Какое-то время мы еще посидели так - в безнадежном молчании, а затем отец встал, и я без звука, покорно последовал за ним к дверям. По дороге домой мы и словечком не перемолвились и долго разглядывали народ, хлынувший в это время из церкви, чинно ступая друг подле друга... Все шло честь по чести, только вплоть до глубокой осени не мог я заставить себя, как прежде, называть его отцом.
Последний раз
Перевод В. Васильева-Ельцова
Однажды зимним воскресным днем дядюшка Ференц окончательно пал в глазах домашних. Давно уж ни сын, ни внуки всерьез его не воспринимали и словно бы ни в грош не ставили. Катица - даром что тринадцать от роду - и та свысока относилась к старику; иной раз такой ему разнос учинит, будто это она взрослая, а он малолетка несмышленый. Чего ни поручи, не ладится у него дело. За что ни возьмется, непременно нахлобучку получит в этаком милостиво-снисходительном тоне. Бывало, осрамится старик, опростоволосится и поскорее с глаз долой, в угол забьется горе свое горевать. А уж как ему охота пользу-то приносить домашним, ведь хотя и за восемьдесят перевалило, а хворей за ним никаких не водится, двигаться еще ой как может и работенку справить тоже - ан молодые ничего не дозволяют делать. И нет дядюшке Ференцу покоя, мыкается целыми днями, изнывает от безделья. Но вот как-то раз, в то самое воскресенье, ввечеру уже, Гизелла, невестка его, готовила пойло для скотины и вот возьми да скажи старику, который на кухне околачивался:
- Сходили бы, папаша, во двор, яйца у несушек собрали. Того и гляди стемнеет, а у меня дел вон сколько.

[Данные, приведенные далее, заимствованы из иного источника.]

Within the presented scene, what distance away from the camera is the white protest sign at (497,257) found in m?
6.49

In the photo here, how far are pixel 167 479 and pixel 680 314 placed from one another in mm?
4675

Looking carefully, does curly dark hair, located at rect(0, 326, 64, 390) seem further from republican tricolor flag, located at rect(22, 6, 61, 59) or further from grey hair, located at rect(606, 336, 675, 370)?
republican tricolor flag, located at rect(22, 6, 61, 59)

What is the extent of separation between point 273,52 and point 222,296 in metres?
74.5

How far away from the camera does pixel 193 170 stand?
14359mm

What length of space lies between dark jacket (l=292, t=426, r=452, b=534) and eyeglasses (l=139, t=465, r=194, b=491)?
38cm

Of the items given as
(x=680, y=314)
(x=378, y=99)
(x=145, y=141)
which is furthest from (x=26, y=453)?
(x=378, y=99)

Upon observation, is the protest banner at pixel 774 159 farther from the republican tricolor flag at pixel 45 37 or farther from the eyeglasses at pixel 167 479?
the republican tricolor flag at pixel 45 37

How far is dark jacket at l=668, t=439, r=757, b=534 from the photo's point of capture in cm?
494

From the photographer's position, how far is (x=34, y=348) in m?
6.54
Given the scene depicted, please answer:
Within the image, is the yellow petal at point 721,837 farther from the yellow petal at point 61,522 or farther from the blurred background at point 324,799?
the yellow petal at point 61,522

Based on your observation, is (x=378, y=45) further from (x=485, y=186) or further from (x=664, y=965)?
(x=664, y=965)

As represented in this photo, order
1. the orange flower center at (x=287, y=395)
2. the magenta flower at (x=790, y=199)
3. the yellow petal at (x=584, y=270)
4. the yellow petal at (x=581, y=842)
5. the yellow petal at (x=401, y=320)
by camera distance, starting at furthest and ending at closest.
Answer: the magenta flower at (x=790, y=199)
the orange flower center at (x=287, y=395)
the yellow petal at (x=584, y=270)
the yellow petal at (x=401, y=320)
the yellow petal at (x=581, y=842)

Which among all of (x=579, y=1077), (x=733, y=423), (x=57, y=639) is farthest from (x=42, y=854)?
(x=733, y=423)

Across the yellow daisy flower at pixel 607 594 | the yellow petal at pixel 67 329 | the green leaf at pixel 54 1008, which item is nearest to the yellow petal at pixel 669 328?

Дядюшка Ференц словно наново родился. От счастья да волнения не знал куда себя деть: наконец-то дали-таки и ему работу.
- Лукошко-то где?
- Для пары-тройки яиц, что ли? И так донесете, - бросила невестка, а сама живо за дверь, пойло потащила. Дядюшка Ференц пошарил еще на кухне и, так и не углядев нигде лукошка, засеменил, бурча что-то под нос, из дому прочь.
Сгорбившись в три погибели, будто землю обнюхивая, подался он прямиком через двор к сараюшке, где куры нестись повадились. Уж с таким-то старанием волок он свое дряхленькое, изветшалое тело, еще и руками подгребал себе, чтоб, значит, ходче выходило. А невестка вдогонку:
- Да смотрите яйца не побейте, в последний раз вам доверяю.
Дядюшка Ференц в ответ лишь обиженно головой отмотнулся да нос рукавом вытер. Вечер-то январский, стылый, аж слезы из глаз повыжало, озяб весь, пальцы мигом закоченели. Дрожащим ртом еще выговорил:
- Ну, язви ее, и погодка!
Нет, он не роптал на погоду, то был благодарный поклон зиме-матушке, а в нем отрада, что он еще в силах двигаться на вольном воздухе.